In recent months, we have observed increasingly sophisticated operations in which financially motivated adversaries are using cloud application programming interface (API) keys to harvest information assets for ransom or sale. They are also often seeking other keys and passwords to facilitate further access, enabling them to repeat the cycle. With many organizations moving their resources to the cloud and attackers looking to exploit any weaknesses, cloud security must be a top priority.
New Attack Surfaces
Internet-as-a-service (IaaS) API key theft has opened a vast new attack surface, giving adversaries easy access to critical controls and data assets when appropriate protection is not in place. Many recent cases have involved static credentials that were not protected by multi-factor authentication (MFA), IP address-based restrictions or automatic rotation. Previously, when threat actors harvested API keys from public source code repositories, it was typically a crime of opportunity. Now, it’s become targeted, and there are many cases in which attackers actively sought cloud IaaS API keys in client and third-party infrastructure. In virtually all cases, these long-lived API keys were an unnecessary liability as they could have been replaced with ephemeral credentials issued through the underlying cloud infrastructure.
Detection Time Is Key
In addition, detection times can range from hours to months, and in many cases, data exfiltration has occurred before detection. Host-level compromise in the cloud continues, and many cases involve “shadow IT” cloud deployments — deployments that receive limited security oversight and investment. The Services team has observed gaps in endpoint (instance/VM) detection capabilities, misconfigured logging, misconfigured firewall rules, and lack of system and application vulnerability management.

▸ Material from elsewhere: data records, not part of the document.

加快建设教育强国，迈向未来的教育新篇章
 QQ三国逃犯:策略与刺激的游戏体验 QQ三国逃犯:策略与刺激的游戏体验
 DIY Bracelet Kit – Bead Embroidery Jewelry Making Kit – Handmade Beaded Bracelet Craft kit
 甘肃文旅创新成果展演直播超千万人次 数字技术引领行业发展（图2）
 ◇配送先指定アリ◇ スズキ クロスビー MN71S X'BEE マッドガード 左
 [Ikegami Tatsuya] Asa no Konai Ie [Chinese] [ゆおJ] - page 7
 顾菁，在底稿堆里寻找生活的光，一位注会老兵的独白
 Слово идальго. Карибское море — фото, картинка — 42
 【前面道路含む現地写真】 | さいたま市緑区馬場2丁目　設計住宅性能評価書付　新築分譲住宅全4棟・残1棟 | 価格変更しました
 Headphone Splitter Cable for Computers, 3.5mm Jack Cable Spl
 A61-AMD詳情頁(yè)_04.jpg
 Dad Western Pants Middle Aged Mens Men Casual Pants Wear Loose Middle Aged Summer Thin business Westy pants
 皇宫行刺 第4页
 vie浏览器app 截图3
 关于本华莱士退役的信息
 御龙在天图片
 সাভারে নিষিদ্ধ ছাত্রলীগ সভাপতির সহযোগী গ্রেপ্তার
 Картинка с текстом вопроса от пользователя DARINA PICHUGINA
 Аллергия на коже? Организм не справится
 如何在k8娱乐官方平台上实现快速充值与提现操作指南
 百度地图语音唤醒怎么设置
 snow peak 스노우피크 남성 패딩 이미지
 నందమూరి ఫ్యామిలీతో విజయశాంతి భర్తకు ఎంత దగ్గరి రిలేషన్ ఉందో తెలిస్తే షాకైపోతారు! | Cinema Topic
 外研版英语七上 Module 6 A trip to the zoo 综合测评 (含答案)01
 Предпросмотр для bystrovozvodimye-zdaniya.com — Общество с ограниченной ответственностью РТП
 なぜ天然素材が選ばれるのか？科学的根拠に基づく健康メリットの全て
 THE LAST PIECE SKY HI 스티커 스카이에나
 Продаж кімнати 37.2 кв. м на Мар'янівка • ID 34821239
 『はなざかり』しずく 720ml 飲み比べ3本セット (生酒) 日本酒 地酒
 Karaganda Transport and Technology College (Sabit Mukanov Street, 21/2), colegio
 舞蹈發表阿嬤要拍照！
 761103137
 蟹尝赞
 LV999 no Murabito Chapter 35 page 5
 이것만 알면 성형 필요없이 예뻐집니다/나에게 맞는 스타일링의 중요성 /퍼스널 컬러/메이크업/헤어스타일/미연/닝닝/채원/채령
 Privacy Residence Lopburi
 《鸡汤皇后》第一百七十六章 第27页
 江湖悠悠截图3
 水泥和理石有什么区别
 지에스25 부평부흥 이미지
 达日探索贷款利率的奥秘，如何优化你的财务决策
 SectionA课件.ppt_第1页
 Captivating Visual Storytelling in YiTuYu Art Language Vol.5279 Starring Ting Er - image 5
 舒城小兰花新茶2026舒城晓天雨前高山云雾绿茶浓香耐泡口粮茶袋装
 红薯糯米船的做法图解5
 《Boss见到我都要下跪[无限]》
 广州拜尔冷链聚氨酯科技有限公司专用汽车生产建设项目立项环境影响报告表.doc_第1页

In some cases, security staff were already stretched thin in their efforts to secure on-premises resources, or they lacked familiarity and experience with cloud environments. In others, serious incidents affected infrastructure that was already slated to be decommissioned prior to compromise. The Services team considers these trends a contributing factor in compromises resulting from both nation-state and financially motivated operations.
We continue to recommend the following practices to help organizations prevent breaches of their cloud infrastructure:
Avoid using static API keys anywhere. Static keys pose a significant risk because they allow enduring access to large amounts of often-sensitive data. Instead, use ephemeral credentials for automated cloud activity and enforce the usage of these credentials only from authorized IP address space. Also, require MFA for all user-originated cloud activity.
Proactively manage cloud accounts and permissions. Begin this process by conducting an account inventory to ensure every resource has an identified owner/responsible party. Next, use a cloud account factory model to ensure new cloud accounts comply with security expectations from the start. You should also review permissions in legacy or to-be-decommissioned cloud accounts for excessive public access to hosts and storage services. Finally, find cloud accounts/subscriptions that are not being monitored by looking for references to unrecognized cloud accounts. This can be achieved by collaborating with the finance department to find unrecognized cloud subscriptions.
Enable logging and alerting. Enable detailed logging, including API and data object access logging, to the maximum extent affordable. Also, invest in and tune automated alerting to rapidly identify incidents and revert improper configuration changes.
Regularly review firewall rules on the cloud. Use automated and manual firewall ruleset reviews to avoid global-permit rules in both inbound and outbound contexts.